How does one stumble upon productive thoughts about implementing a project and find potential collaborators? Two key loci are DH Answers, which runs both a forum and a Twitter account, and the DiRT wiki—Digital Research Tools, now hosted by Project Bamboo. If you’re interested in a particular piece of software, there’s a good chance that fellow scholars have blogged their uses of it, and reading about their uses or disappointments may save you valuable time in deciding which tools you need most to become familiar with. Get your students involved, not to do the work for you (which some people seem to think is ideal) but to furnish ongoing accountability for your project, so that the project keeps moving. Publish to the web and make your work free to access, to grant it a wider distribution. You can link to a website until the proverbial cows come home; you cannot actually give away free books to encourage readership—much though I like codices—because people won’t take them. For that matter, websites have the ineluctable advantage of not requiring either a print run or a supply chain. MTPO isn’t the most frequented site, partly because it focuses upon a single writer and isn’t a major hub; nonetheless, MTPO pulls down between 1500 and 2000 visitors per month on basically zero advertising.

One thing not to worry about: whether editions are hot enough, and in particular whether you, in pursuing a digital project, are undertaking the right kind of work in terms of anticipated external rewards. Only in retrospect, as Stephen Ramsay observes in a recently posted talk titled “The Hot Thing,” is it possible to discern that one chose “correctly” and got lucky in aligning zeitgeist with personal strengths and interests. It is always the right time to edit a text, precisely because it is never the right time.… And though Natalia Cecire rightly critiques the rhetoric of doing things “hands on” in the digital humanities and finds flaws in its implied recapitulation of contingent labor, it seems to me that doing work in this fair field full of folk is a solid way to participate in what is happening, to shape it, and thus to effect change.

Here are some things to consider if you aren’t only working on a contained exercise for yourself; ideally, as I said, you’ve chosen a text that you like to teach so that the pedagogical aspects of creating and using a digital edition may be shared with your students as well. (This is the part where I attempt to demystify one possible planning workflow.)

First, for whom is this edition most useful? How much help do you want to offer to readers? Are you shaping its mise en page and annotation specifically for undergraduates, or is this something for fellow researchers and thus equipped with more textual notes than explanatory ones? Do you expect a reader to be able to cite or link to specific moments in the text, or will they have to settle for a link to the text’s landing page? It’s common to say that an edition is intended for all readers—access open to everyone!—but it can be difficult to provide editorial support for all potential levels of familiarity with a text’s context without overwhelming and obscuring the text itself. In some ways this is less about anticipated readership and more an issue of interface. How will you convey information clearly? And in a related issue, if you’ve never dealt much with interface design, spend a bit of time looking at existing sites and portals, to figure out what works and doesn’t. Ideally, buy someone lunch (or better) in exchange for their honest feedback on your design. There are best practices for design and “user experience” (UX) as well; even I don’t think that one needs to become an expert in everything, but becoming acquainted can only help you.

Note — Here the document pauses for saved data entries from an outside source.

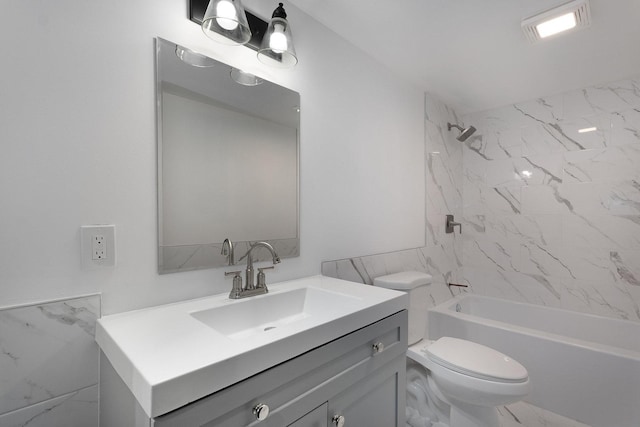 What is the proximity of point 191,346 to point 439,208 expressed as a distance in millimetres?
2371

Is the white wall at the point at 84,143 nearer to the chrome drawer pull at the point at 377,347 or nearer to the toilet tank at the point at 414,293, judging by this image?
the chrome drawer pull at the point at 377,347

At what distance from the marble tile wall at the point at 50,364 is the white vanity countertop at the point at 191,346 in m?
0.07

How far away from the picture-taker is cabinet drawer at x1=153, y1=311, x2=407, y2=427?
63 cm

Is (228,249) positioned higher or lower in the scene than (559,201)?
lower

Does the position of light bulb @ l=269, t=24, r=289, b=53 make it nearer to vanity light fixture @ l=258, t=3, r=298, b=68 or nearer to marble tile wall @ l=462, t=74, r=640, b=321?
vanity light fixture @ l=258, t=3, r=298, b=68

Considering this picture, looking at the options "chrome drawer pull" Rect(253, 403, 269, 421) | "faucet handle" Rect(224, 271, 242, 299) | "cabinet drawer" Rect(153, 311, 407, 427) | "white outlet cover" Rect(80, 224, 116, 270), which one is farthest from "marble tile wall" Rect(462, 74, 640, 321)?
"white outlet cover" Rect(80, 224, 116, 270)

Second, think about the intellectual-property framing for the edition and how the text will be shared with readers. Will you put it on your own website, submit it to a journal that already has infrastructure in place, or arrange something with a library, a center, an extant archive project, or an academic press? Do you have copyright issues to negotiate, where a press’s formal backing would assist with gaining permission from an estate? I’ve flagged this as IP framing, but there are basic practical consequences as well. Partnering with projects already underway usually means inheriting their stylistic choices, which is a mixed blessing. Otherwise, there are free-to-use publishing applications that aren’t too hard to learn to use.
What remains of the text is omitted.